Well, we use sometimes the term *lawaazimaat* (= necessary things) for the snacks you serve to your guests, but this is a formal and very general term which doesn't convey the same meaning as 'snacks'....

It is just another term that gives away the outstanding *mehmaan nawaazii* of _Subcontinentals_, Go live in European cities and see how people *paanii bhii nahii.n puuchhte*.

Didn't we discuss the term lawaazimaat already (in which thread? )


----------



## lcfatima

http://forum.wordreference.com/showthread.php?t=1594558&highlight=lawaazimaat

Yes I asked about lawaazimaat before in the context of ingredients necessary for a recipe.


----------



## Koozagar

I think "kuch halka phulka" is the closest to snacks. Never heard "short eats". Curious to know how it is used in a sentence. 

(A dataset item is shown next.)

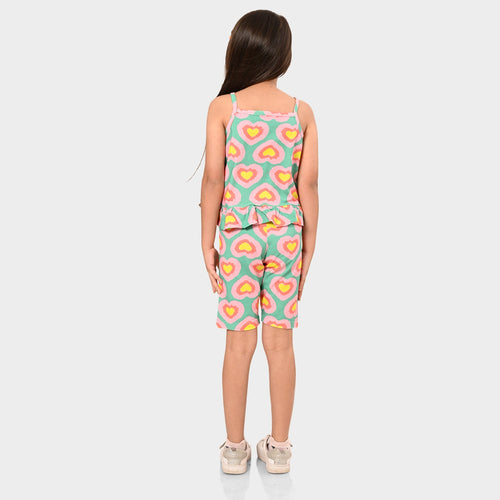 Girls Jumsuit Grey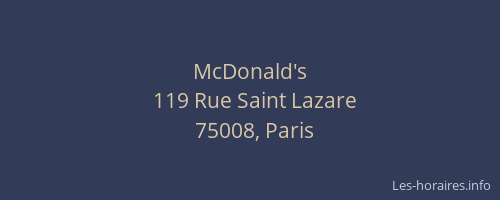 McDonald's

"snacks" is also used among the middle, upper-middle and upper-middle class people who incorporate English vocabulary in their day-to-day speech more than the lower-class or the section of the population that is educated in Urdu medium.


----------



## Cilquiestsuens

Well, I concur that *kuchh halkaa phulkaa* is the closest hit. Punjabi / Urdu / Hindi have many different ways of expressions as compared to English... I guess that the meaning of snacks could be conveyed thus too in colloquial :

*pakoRe-shakoRe*
*biskaT-shiskaT*
*nimko-shimko...*

etc...

(here I guess that using a *sh* as the first consonant of the 'echo-word' maybe due to Punjabi influence, but it is the way people speak Urdu in Lahore, you barely hear the so-called standard '*w*' as in *biskaT-wiskaT*)


----------



## Koozagar

That is very true. First consonant is very often "sh' instead of the standard 'w'.


----------



## teaboy

Perhaps "short eats" sticks in my head from trips to India.  I have seen it on menus. I may have only heard it spoken in Indian English sentences, but so often one is not sorting out the language, one is just communicating, and there is so much English ("Inglish") in aam bolchaal.


----------



## panjabigator

Koozagar said:


> I think "kuch halka phulka" is the closest to snacks. Never heard "short eats". Curious to know how it is used in a sentence.
> 
> "snacks" is also used among the middle, upper-middle and upper-middle class people who incorporate English vocabulary in their day-to-day speech more than the lower-class or the section of the population that is educated in Urdu medium.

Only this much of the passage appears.